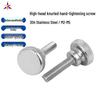 304 Stainless Steel Knurled Hand-Tightening Screw for Furniture, M2-M5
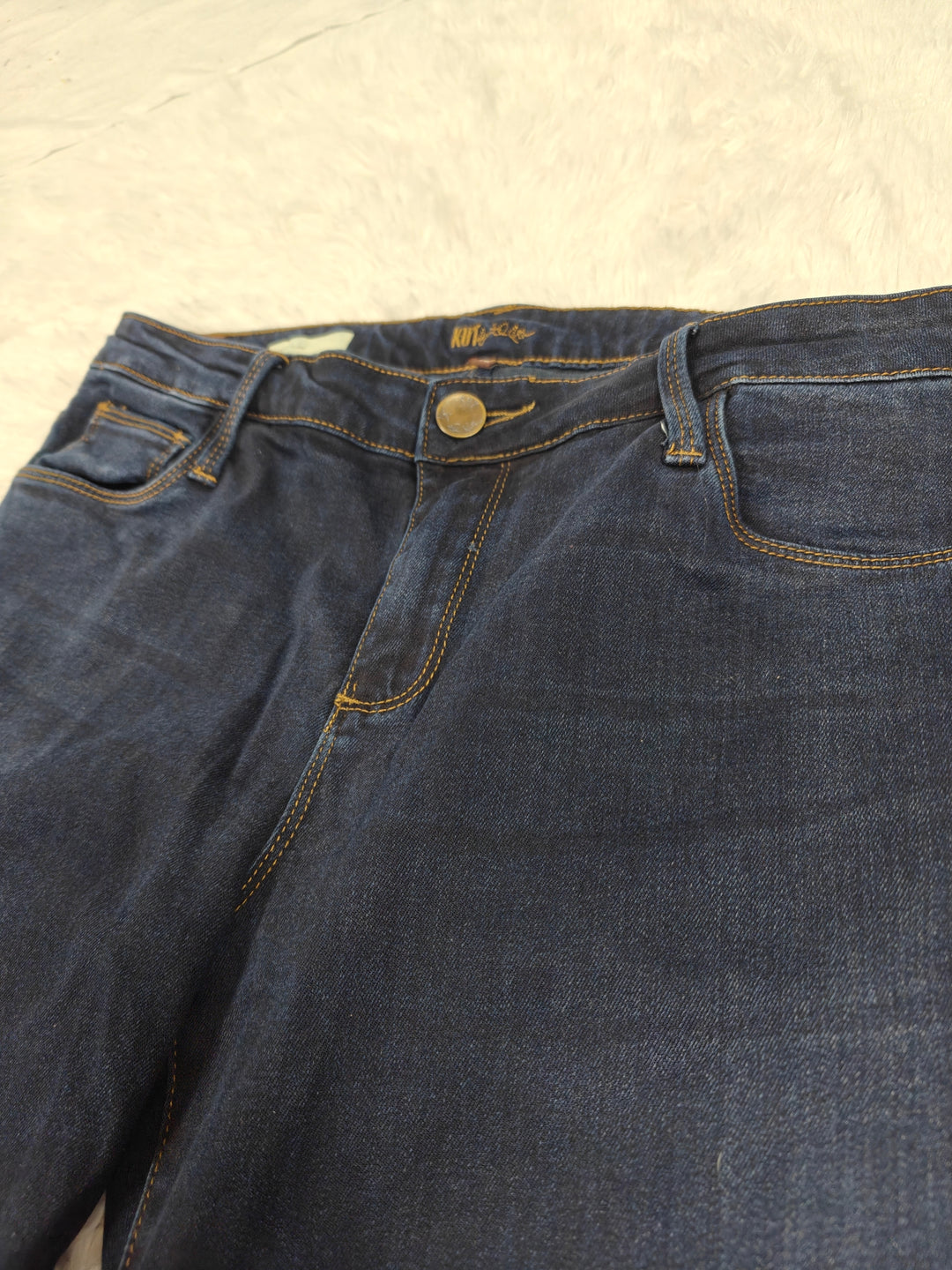 Womens KUT From The Kloth Dark Indigo Flare Jeans Size 12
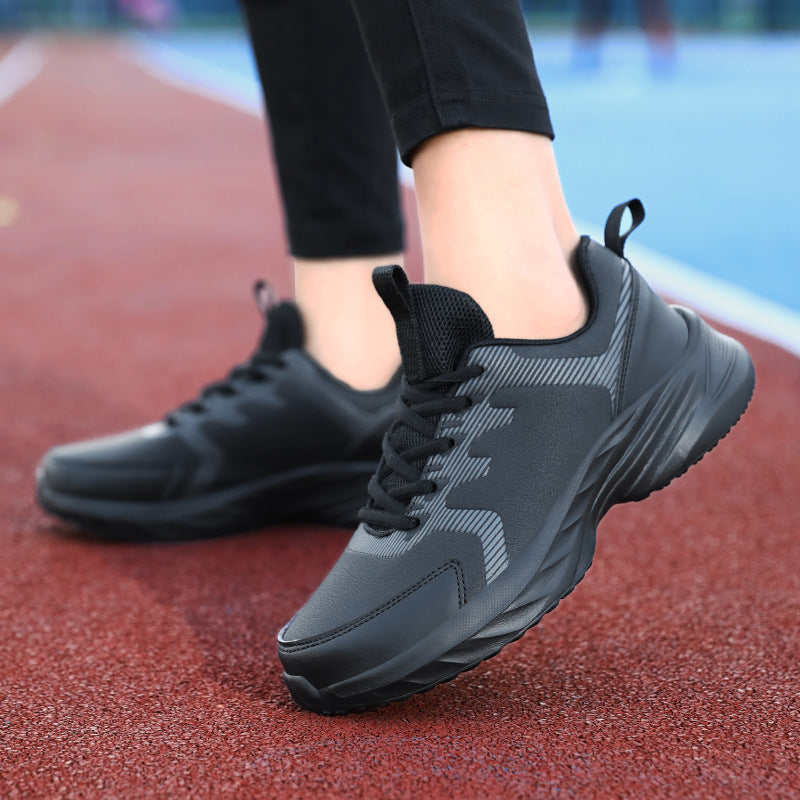 Unisex nan urbaner Komfort-Sneaker mit gepolsterter Keilsohle atmungsaktiver Meshzunge und robustem Kunstlederbesatz Drune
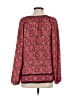 Gap 100% Polyester Red Pink Long Sleeve Blouse Size XS - photo 2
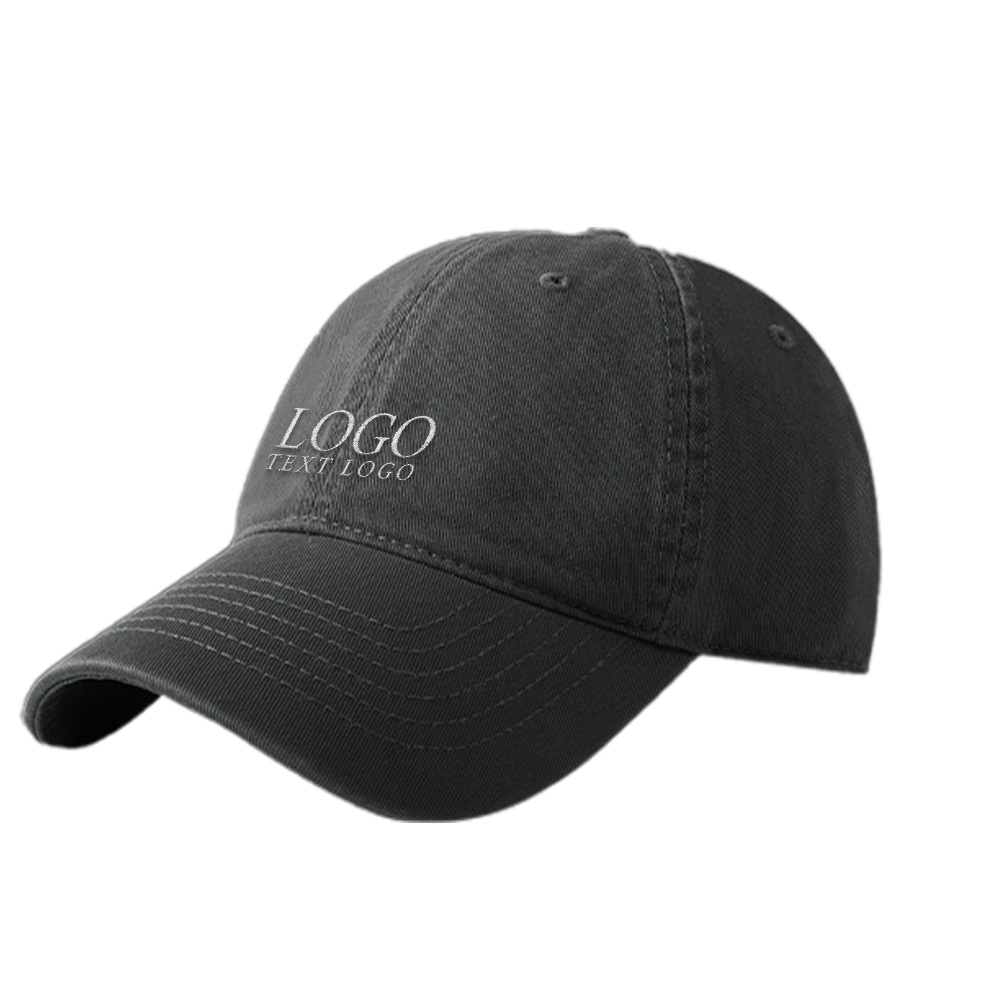 High-end Simple Custom Hat Gray with Logo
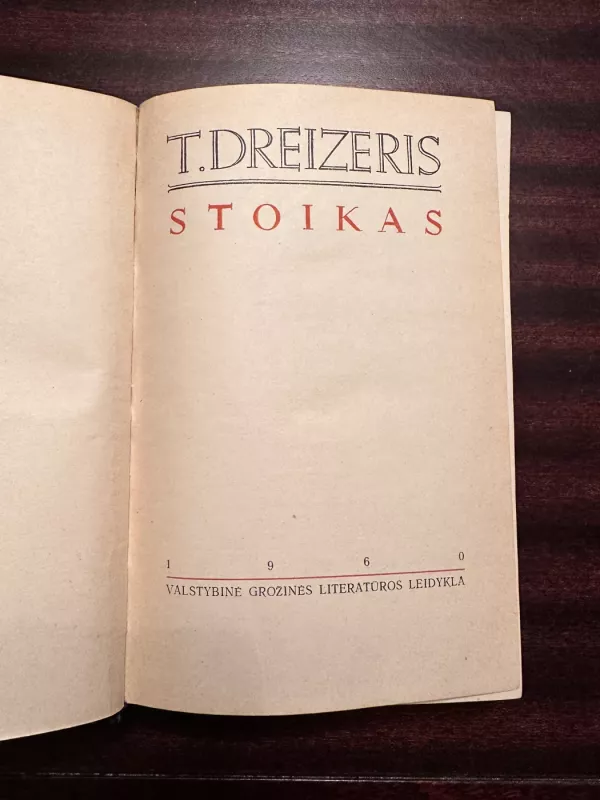 Stoikas - T. Dreizeris, knyga 3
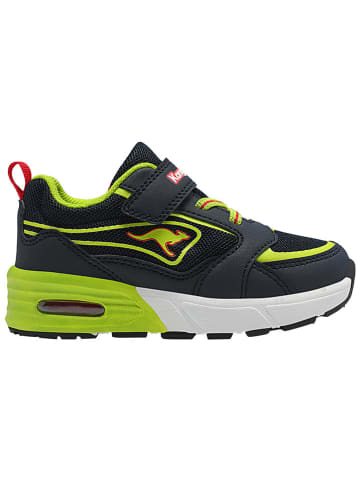 Kangaroos Sneakers "K-XI Reto EV" donkerblauw/geel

━━━━━━━━

### Aim of the exercise
Repeat the full set of records exactly, and output no pictures.

### Task output
 304 Stainless Steel Knurled Hand-Tightening Screw for Furniture, M2-M5
 Womens KUT From The Kloth Dark Indigo Flare Jeans Size 12
 Unisex nan urbaner Komfort-Sneaker mit gepolsterter Keilsohle atmungsaktiver Meshzunge und robustem Kunstlederbesatz Drune
 Gap 100% Polyester Red Pink Long Sleeve Blouse Size XS - photo 2
 High-end Simple Custom Hat Gray with Logo
 Stoikas - T. Dreizeris, knyga 3
 Kangaroos Sneakers "K-XI Reto EV" donkerblauw/geel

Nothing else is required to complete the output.